DID YOU KNOW?  -- Three years before the 1995 Srebrenica Genocide, Serbs torched Bosniak villages and killed at least 3,166 Bosniaks around Srebrenica. In 1993, the UN described the besieged situation in Srebrenica as a "slow-motion process of genocide." In July 1995, Serbs forcibly expelled 25,000 Bosniaks, brutally raped many women and girls, and systematically killed 8,000+ men and boys (DNA confirmed).

26 January, 2011

MARCH 1993: 2,300 REFUGEES LEAVE ENCLAVE OF SREBRENICA


Gettysburg Times, p.8A
30 March 1993.
[two years before the Srebrenica Genocide]

TUZLA, Bosnia-Herzegovina – More than 2,300 Bosniak refugees took advantage of a ceasefire and a rare relief convoy Monday to flee the cold, hunger and encircling Serb force at the eastern Bosnian enclave of Srebrenica.

The refugees – women, children and old men – were packed so tightly into the 19 U.N. trucks that they had to stand on their luggage. But they waved with relief as they reached safety in the Bosnian government-held city of Tuzla.

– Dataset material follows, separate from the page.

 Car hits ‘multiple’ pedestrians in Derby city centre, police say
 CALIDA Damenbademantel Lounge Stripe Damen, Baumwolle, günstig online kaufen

Some apparently died en route.

Tales were common of people falling off the trucks – many of them open vehicles – as they traveled all day to reach Tuzla, 45 miles to the northwest.

“I have no one, I have no one,” sobbed 70-year-old Hajra Bosankic, lying on her side, safe, in the sports hall converted to a refugee center. She said one son was killed by Serbs. She did not know where her other five children were.

A teen-age granddaughter fell out of a truck as it left Srebrenica, Bosankic said. A sandwich left by aid workers lay untouched by her belongings.

Sefika Mehic cried uncontrollably, holding her feet and rocking. She said her month-old baby turned yellow and apparently died en route. Doctors rushed the child away upon arrival, and she had heard no further.

Relief workers were seen pulling a blanket over the face of an old man who died en route.

The cease-fire has been the most successful so far of the nearly year-long Bosnian genocide. It went into effect at noon Sunday, and U.N. officials reported no major violations.

The agreement by the Bosnian Serbs for the cease-fire, a convoy into Srebrenica and the evacuation out of the town came as the international community turned up pressure recently for a settlement. The convoy of food and medicine was only the second into Srebrenica since Dec. 10.

The war broke out last April 6 over a vote for independence by Bosnia’s Bosniaks and Croats. It has left at least 134,000 people dead and missing.